If the Bears win Sunday, they are unlikely to be choosing one of the top four quarterbacks in this coming draft. (And I have had several personnel folks tell me that might not be the worst thing for them long-term.) So looking at that next crop of QBs is probably a more apt exercise at this point. Today will be a good opportunity to look at three them, two for the second time in this space.
3:00 PM CT
ACC Championship Game
Clemson vs. Notre Dame
Trevor Lawrence is going to be the first pick of the draft and stabilize a Jets franchise desperate for stabilization. But ND quarterback Ian Book is going to be an interesting option for teams in the middle rounds. Eric Edholm of Yahoo found an interesting comp for Book:
I texted a Midwest scout who has seen Book’s success as a college QB and watched him grow as an NFL prospect. Who does Book remind the scout of?
Jeff Garcia, he told me. Not the name I was expecting, but it makes sense.

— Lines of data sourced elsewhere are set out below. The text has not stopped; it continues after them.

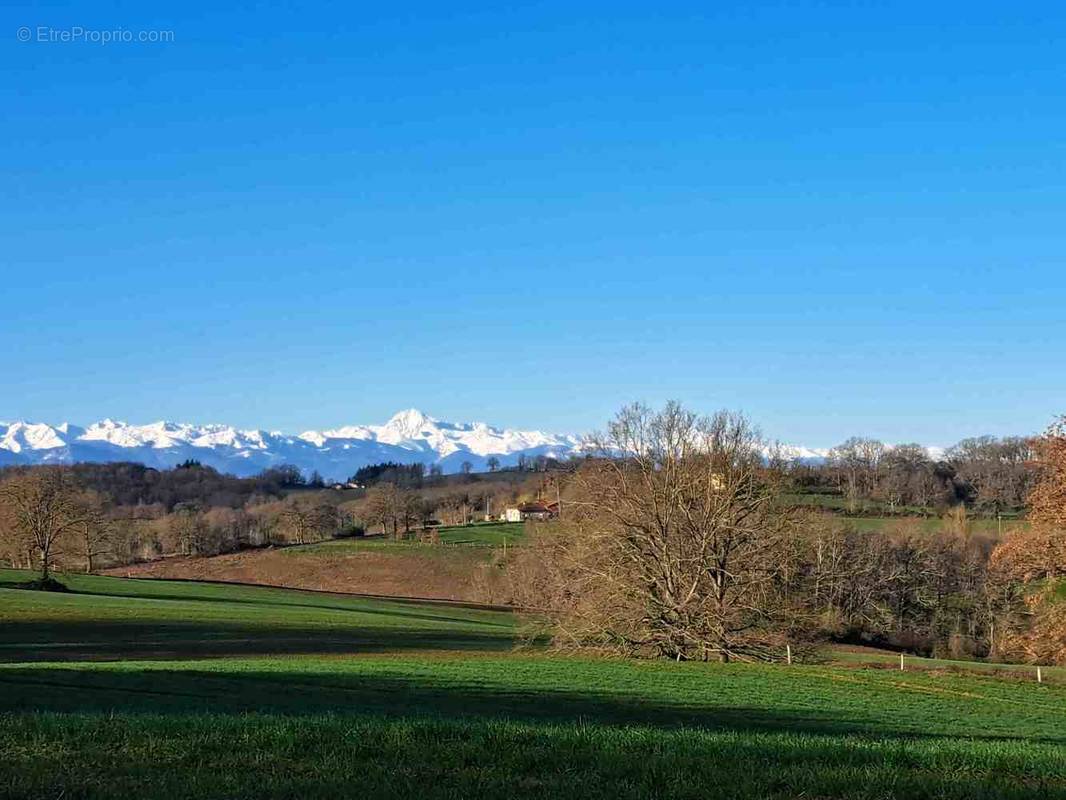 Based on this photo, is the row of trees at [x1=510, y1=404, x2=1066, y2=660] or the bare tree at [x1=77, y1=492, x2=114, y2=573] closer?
the row of trees at [x1=510, y1=404, x2=1066, y2=660]

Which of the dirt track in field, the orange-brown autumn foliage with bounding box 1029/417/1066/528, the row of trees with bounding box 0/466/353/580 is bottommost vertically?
the dirt track in field

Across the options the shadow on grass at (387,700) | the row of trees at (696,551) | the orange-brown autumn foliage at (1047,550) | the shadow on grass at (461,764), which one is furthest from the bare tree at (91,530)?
the shadow on grass at (461,764)

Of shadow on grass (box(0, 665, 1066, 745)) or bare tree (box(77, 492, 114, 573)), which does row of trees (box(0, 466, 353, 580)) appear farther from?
shadow on grass (box(0, 665, 1066, 745))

Garcia was far from a roundly beloved prospect coming out of San Jose State in the early ’90s — like Book, branded too small, too hectic, too not NFL. For that time, anyway. And it took him five years of success in the CFL and a visionary in Bill Walsh (who had returned to the 49ers’ front office) to see Garcia’s NFL potential.

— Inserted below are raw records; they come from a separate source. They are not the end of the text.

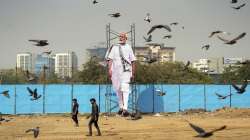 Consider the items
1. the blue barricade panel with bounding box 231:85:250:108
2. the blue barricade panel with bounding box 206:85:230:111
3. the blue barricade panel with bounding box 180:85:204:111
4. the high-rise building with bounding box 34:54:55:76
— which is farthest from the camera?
the high-rise building with bounding box 34:54:55:76

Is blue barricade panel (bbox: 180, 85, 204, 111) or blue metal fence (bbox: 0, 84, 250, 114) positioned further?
blue barricade panel (bbox: 180, 85, 204, 111)

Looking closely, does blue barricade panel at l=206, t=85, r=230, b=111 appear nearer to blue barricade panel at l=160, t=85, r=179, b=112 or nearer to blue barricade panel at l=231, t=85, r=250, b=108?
blue barricade panel at l=231, t=85, r=250, b=108

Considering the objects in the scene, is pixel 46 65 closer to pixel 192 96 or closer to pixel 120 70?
pixel 192 96

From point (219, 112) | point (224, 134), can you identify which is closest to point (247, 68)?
point (219, 112)

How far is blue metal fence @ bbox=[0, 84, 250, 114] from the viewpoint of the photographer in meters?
52.1

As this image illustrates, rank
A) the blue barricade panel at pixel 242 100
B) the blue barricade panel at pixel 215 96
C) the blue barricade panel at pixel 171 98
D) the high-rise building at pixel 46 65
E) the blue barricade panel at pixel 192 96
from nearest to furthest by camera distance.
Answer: the blue barricade panel at pixel 171 98
the blue barricade panel at pixel 192 96
the blue barricade panel at pixel 215 96
the blue barricade panel at pixel 242 100
the high-rise building at pixel 46 65

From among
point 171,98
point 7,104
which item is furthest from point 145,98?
point 7,104

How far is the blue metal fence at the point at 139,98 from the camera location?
5215 cm

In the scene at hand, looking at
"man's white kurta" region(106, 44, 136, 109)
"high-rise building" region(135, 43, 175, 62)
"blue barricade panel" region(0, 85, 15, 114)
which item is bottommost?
"blue barricade panel" region(0, 85, 15, 114)

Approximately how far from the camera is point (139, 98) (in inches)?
2110

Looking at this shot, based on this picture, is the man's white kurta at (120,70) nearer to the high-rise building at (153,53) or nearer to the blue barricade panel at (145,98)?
the high-rise building at (153,53)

Book’s road to the league shouldn’t be quite as circuitous because it appears that he’s only helped his draft stock and could push for a spot in Round 4 — or even higher. It will be fascinating to see which team drafts him, perhaps a club such as the Pittsburgh Steelers that will need to find its eventual starter or one such as the Houston Texans or Kansas City Chiefs, who have their current starter but might want a backup to groom with similar skills to their almost irreplaceable stars in Deshaun Watson and Patrick Mahomes.
Book’s deep-ball effectiveness has improved dramatically from his first few seasons, and even — despite fewer downfield attempts — from a year ago. He still has issues throwing intermediate and deep toward the sidelines but has developed the kind of hip torque and arm strength to get the balls to their targets more readily.
Like with Jalen Hurts a year ago, Book holds onto the ball too long. That won’t fly as readily in the NFL; he has to speed up his clock and not assume his brilliant offensive line and his own athleticism will keep him safe.
Overall, it’s hard not to love and appreciate the strides Book has made as an NFL prospect over the past few years. And with a potential playoff spot looming for the Irish, there are more tests awaiting.
7:00 PM CT
SEC Championship Game
Florida vs. Alabama
Both quarterbacks in this game – Kyle Trask and Mac Jones – are projecting to be drafted somewhere between pick 15 and pick 50. And it’s safe to every that every NFL eye will be on both tonight.
Edholm amended his previous mocks, after speaking to NFL scouts, and projected Trask out of the first round:
But Trask has his shortcomings as an NFL prospect. When we included him in the first round of our first crack at a 2021 NFL mock draft, we sent it out to three scouting directors who gave feedback. Two of them said Trask shouldn’t be included.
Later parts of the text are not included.